Where the line containing "Toyota Yaris GR picture 9" appears below, start there and repeat each line exactly to the end. Leave the pictures out.

╭─ DATA FOR THE TASK

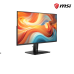 Monitor MSI | PRO MP245 E14VL ( FHD ) Refresh Rate :  144Hz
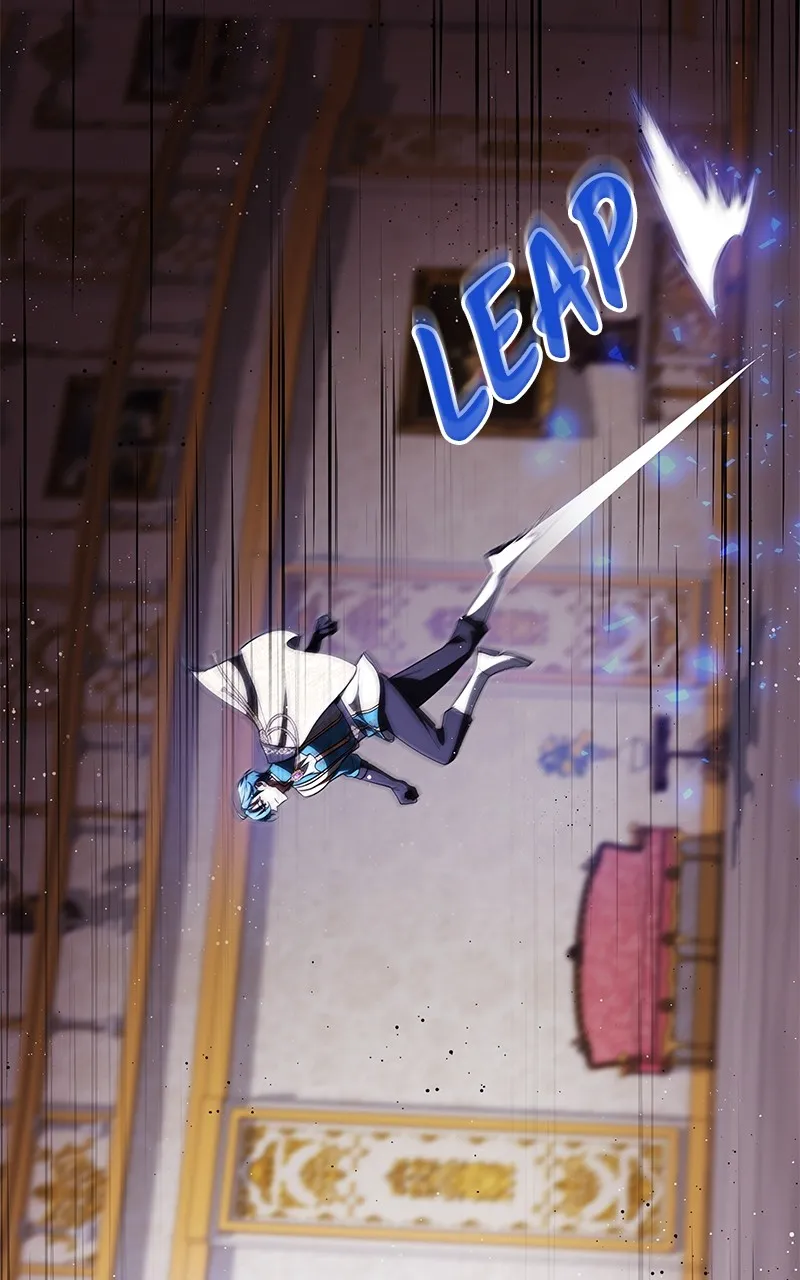 Read What Melvin Left Behind chapter 75 image 23 on Lezhin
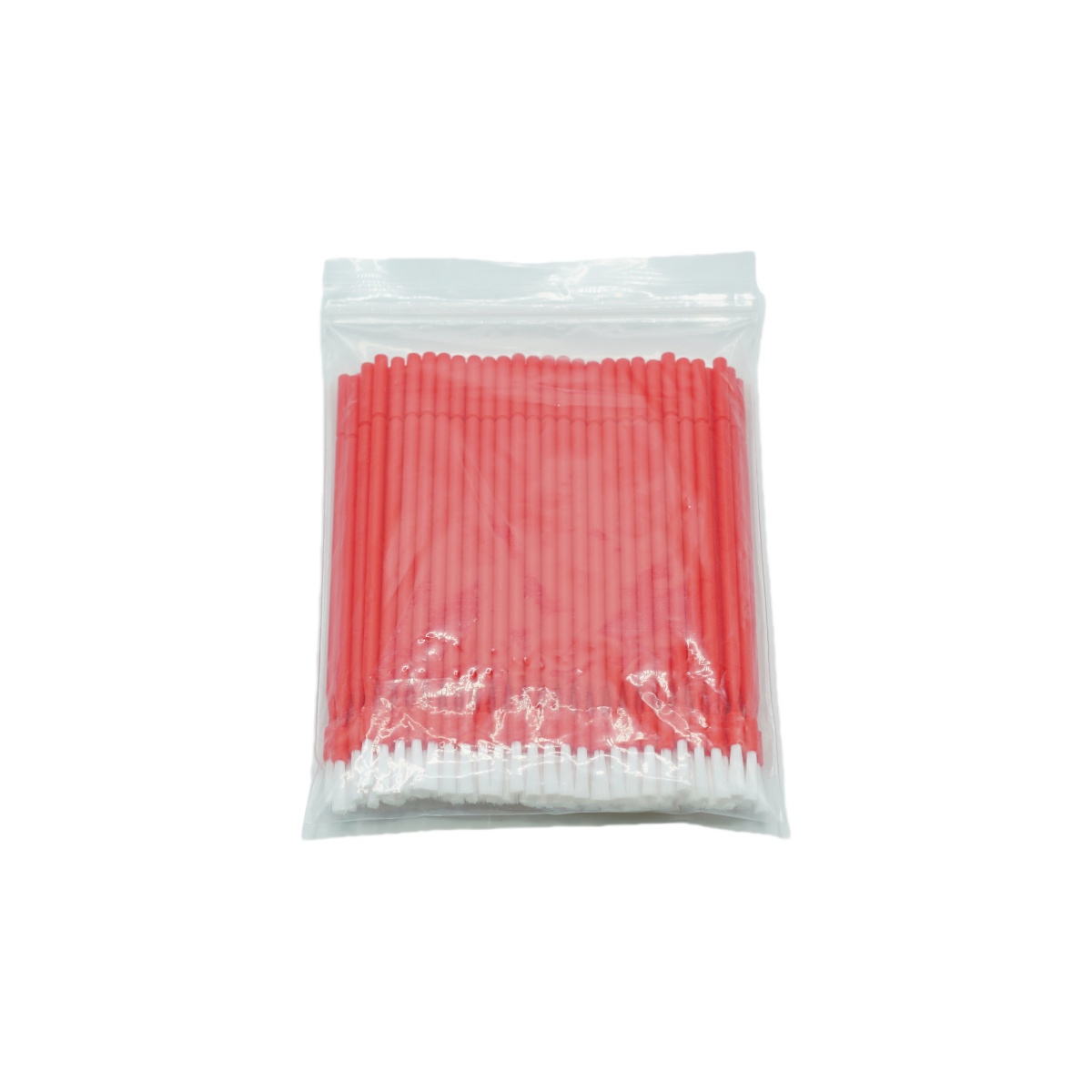 100PCS/Bag Dental Lab Long Hai – обзор и цена Hair Care Lab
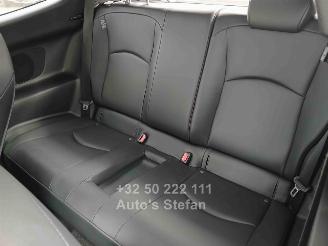 Toyota Yaris GR picture 9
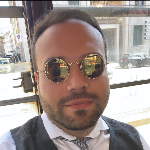 Giovanni Panaro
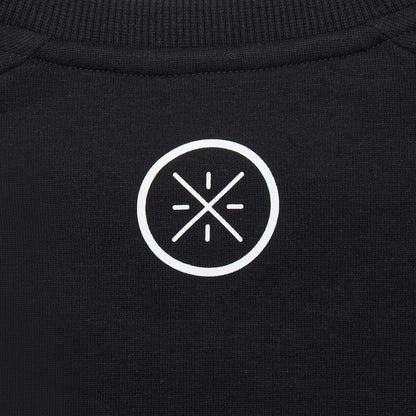 Sudadera Wade AWDW287-1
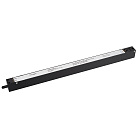 Блок питания ARV-SP-100-MAG25-PFC-BK (24V, 4.17A, 100W) (Arlight, IP20 Пластик, 5 лет) Lednikoff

╰─

• EXERCISE ANSWER:
 Toyota Yaris GR picture 9
 Giovanni Panaro
 Sudadera Wade AWDW287-1
 Блок питания ARV-SP-100-MAG25-PFC-BK (24V, 4.17A, 100W) (Arlight, IP20 Пластик, 5 лет) Lednikoff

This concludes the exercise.